Vers un gouvernement « d'union nationale » ?
Dans tous les cas, ce n'est pas une mais deux vagues de ralliements qui interviendraient dans les prochaines semaines : ceux qui afficheront leur soutien avec l'élection et ceux qui attendent encore avec le secret espoir d'être nommés dans un futur gouvernement « d'union nationale ». Parmi les noms évoqués par la macronie, nombre de jeunes pousses socialistes, comme Benoît Payan, le maire socialiste de Marseille, qui n'a cessé depuis son élection en deux temps de sympathiser avec Emmanuel Macron, mais aussi Mathieu Klein, le maire de Nancy, ou encore Michaël Delafosse, « l'atypique maire socialiste », tel que le présentait il y a quelques mois Le Figaro, qui s'extasiait de son combat contre l'insécurité et contre « les dérives communautaires ». Officiellement, ces trois-là soutiennent Anne Hidalgo, mais en coulisses, ils sont particulièrement courtisés par l'actuel pouvoir.
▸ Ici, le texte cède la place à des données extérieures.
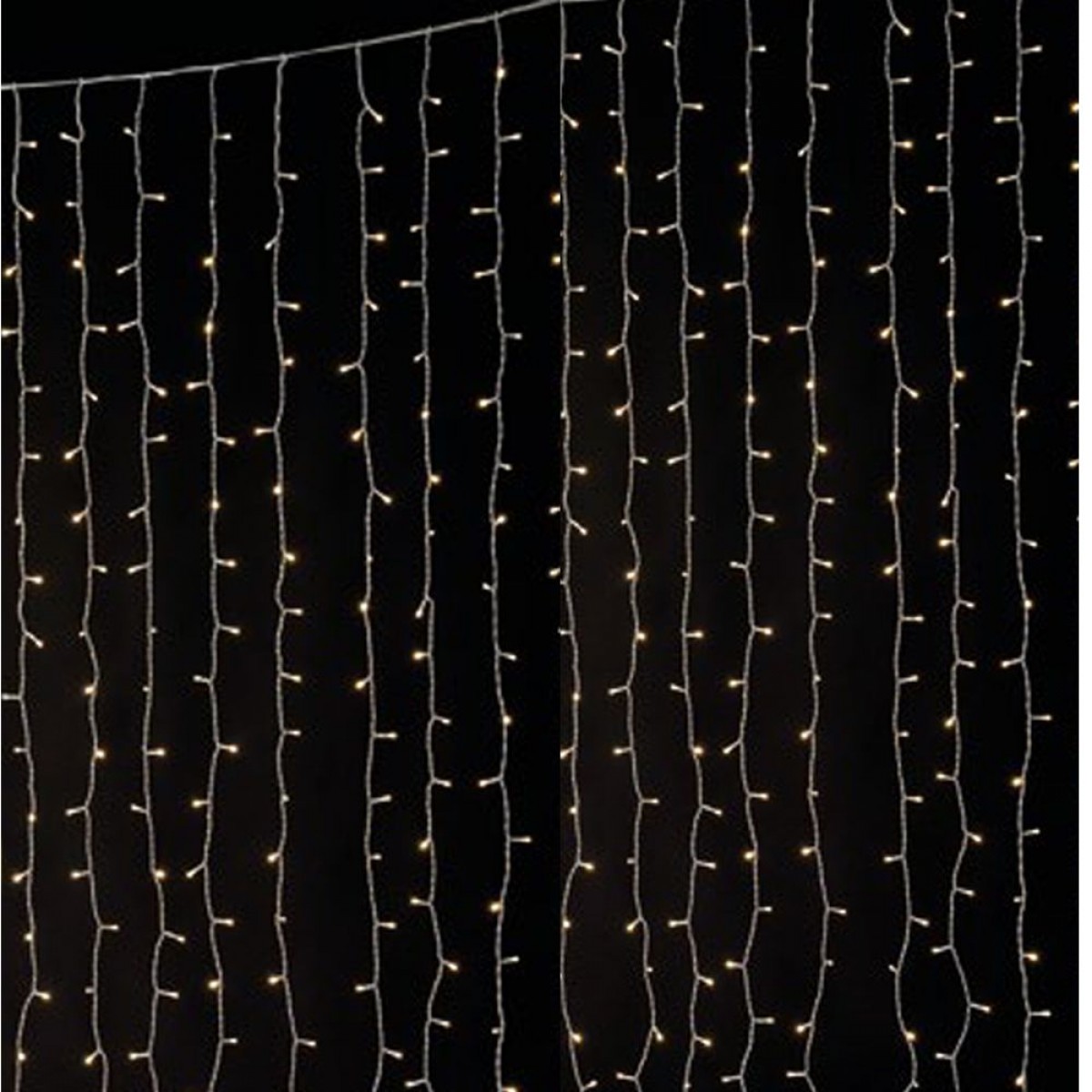 900 Led λαμπάκια IP44 κουρτίνα με επεκτεινόμενο διάφανο καλώδιο και λευκό θερμό φως 300x300 εκ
Bref, comme le dit Jacques avec une certaine amertume, « alors que la campagne d'Emmanuel Macron en 2022 a commencé avec le slogan "avec vous", elle va se terminer sur un entre nous ». Face à la défiance croissante des Français à l'égard de la classe politique, et à l'heure des « convois de la liberté », qui menace de déferler à paris ce samedi au point d'inquiéter le Préfet de Police, pas sûr que le calcul à courte vue des ralliements soit une si bonne chose pour le pouvoir, tant pour la prochaine élection qu'à plus long terme.